Nel caso di specie, ad avviso delle Sezioni Unite il Consiglio di Stato ha operato, in via interpretativa, una equiparazione quoad poenam tra l'ipotesi della “decadenza dei titoli edilizi conseguente alla violazione di un obbligo o all'inveramento di una condizione, non espressamente contemplata dal d.P.R. n. 380/2001, e l'ipotesi dell' annullamento , espressamente contemplata e disciplinata (art. 38 d.P.R. n. 380/2001);  ciò in quanto, in entrambi le fattispecie “la situazione di fatto” per molti aspetti è identica e la differenza sta solo nel fatto che l'art. 38 cit. presuppone un titolo edilizio viziato ab origine, mentre la decadenza per l'inveramento della condizione o per la violazione di un obbligo, presuppone una patologia sopravvenuta al rilascio del titolo.

Nel caso di specie, le Sezioni Unite hanno precisato che la questione controversa attiene al sindacato sulla possibilità per l' autorità giudiziaria di introdurre e di comminare sanzioni amministrative , mediante una interpretazione analogica , che estende l'applicazione della legge oltre le fattispecie specificamente previste. Si tratta di vagliare la compatibilità dell'operazione ermeneutica del Consiglio di Stato alla luce dei principi di legalità e di divieto di applicazione dell'analogia in materia di illeciti amministrativi, ai sensi dell' art.1, commi 1 e 2, l. n. 689/1981, che involge aspetti propri della violazione o falsa applicazione della legge piuttosto che dell'invasione nelle competenze legislative: in tanto una decisione può ritenersi affetta dall'eccesso di potere giurisdizionale, in quanto contenga disposizioni eccedenti i poteri della giurisdizione, implicanti l'esercizio di potestà legislativa.

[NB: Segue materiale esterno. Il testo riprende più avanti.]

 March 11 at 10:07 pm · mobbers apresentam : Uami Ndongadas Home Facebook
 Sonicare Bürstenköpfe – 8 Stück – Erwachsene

In proposito, le Sezioni Unite hanno dichiarato inammissibile la cesura del ricorrente perché mira a indurre un sindacato sulla esattezza degli esiti interpretativi del Consiglio di Stato che non è consentito dall'art. 111, comma ottavo, Cost., in quanto travalicherebbe i limiti interni della giurisdizione amministrativa.

Da ultimo, sul secondo motivo di ricorso concernente il diniego di giurisdizione, le Sezioni Unite ribadiscono il proprio orientamento , sulla base dell'indirizzo della Corte Costituzionale , per cui  ai sensi dell'art. 111, comma ottavo, Cost., la Corte di Cassazione, quale supremo organo regolatore della giurisdizione, può soltanto vincolare il Consiglio di Stato e la Corte dei conti a ritenersi legittimati a decidere la controversia , ma non può vincolarli quanto al contenuto, di merito o di rito, della decisione (Cass., sez. un., n. 8800/2024 e Corte cost. n. 77/2007).

Nell'ambito della giurisdizione amministrativa , quindi, spetta al Consiglio di Stato , in qualità di giudice di ultima istanza, garantire la conformità del diritto interno a quello della Unione Europea , se del caso avvalendosi del rinvio pregiudiziale alla Corte di Giustizia, mentre l'eventuale lesione del principio di effettività della tutela, per le decisioni del Giudice amministrativo in pregiudizio di situazioni giuridiche soggettive protette dal diritto dell'Unione, può essere fatta valere con altri strumenti, attivabili a fronte di una violazione del diritto comunitario grave e manifesta.

La Corte di cassazione a Sezioni Unite ha dichiarato inammissibile il ricorso.